# [WHAT THE TASK REQUIRES]
Look through the data below and output, unchanged, every line from the one holding "NEW IN MARcontents: 1" through the one holding "HOT & COLD Water", inclusive. Skip the pictures.

# [LISTED RECORDS]
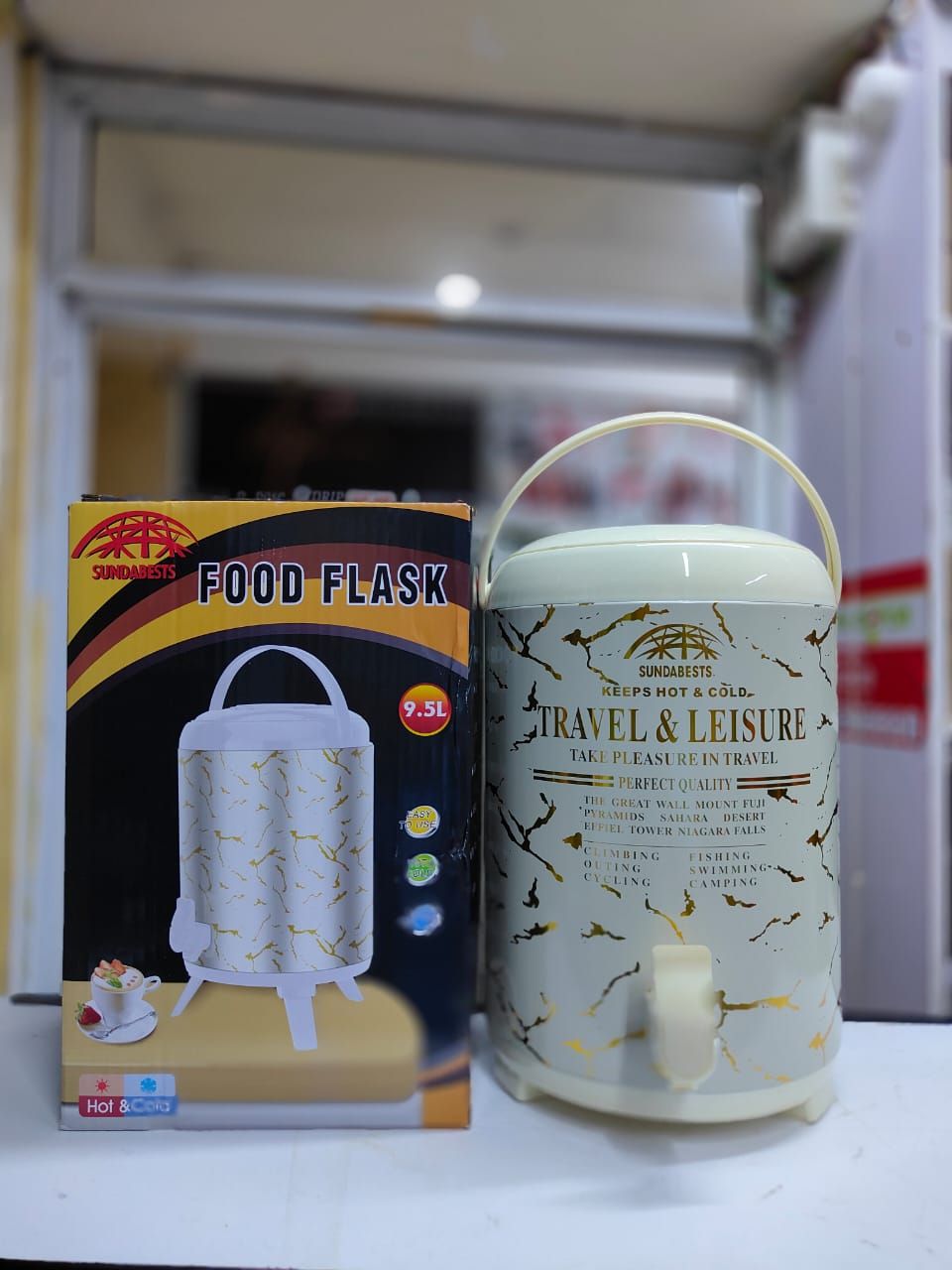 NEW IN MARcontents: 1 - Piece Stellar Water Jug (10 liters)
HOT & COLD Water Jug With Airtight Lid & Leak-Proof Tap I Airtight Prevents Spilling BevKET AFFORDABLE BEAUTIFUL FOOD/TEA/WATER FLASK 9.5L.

--

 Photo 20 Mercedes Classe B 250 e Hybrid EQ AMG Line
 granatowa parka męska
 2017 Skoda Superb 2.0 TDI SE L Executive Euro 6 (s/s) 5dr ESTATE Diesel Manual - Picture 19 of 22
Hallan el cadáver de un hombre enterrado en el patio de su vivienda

--

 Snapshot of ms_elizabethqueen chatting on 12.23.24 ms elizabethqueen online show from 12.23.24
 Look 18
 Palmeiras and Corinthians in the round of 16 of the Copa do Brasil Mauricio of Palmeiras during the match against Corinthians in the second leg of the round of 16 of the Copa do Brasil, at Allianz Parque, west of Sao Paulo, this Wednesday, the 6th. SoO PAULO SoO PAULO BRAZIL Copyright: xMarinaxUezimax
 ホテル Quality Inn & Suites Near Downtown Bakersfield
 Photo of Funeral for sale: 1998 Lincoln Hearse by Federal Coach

# [SOLUTION FOR THIS PROBLEM]
 NEW IN MARcontents: 1 - Piece Stellar Water Jug (10 liters)
HOT & COLD Water Jug With Airtight Lid & Leak-Proof Tap I Airtight Prevents Spilling BevKET AFFORDABLE BEAUTIFUL FOOD/TEA/WATER FLASK 9.5L.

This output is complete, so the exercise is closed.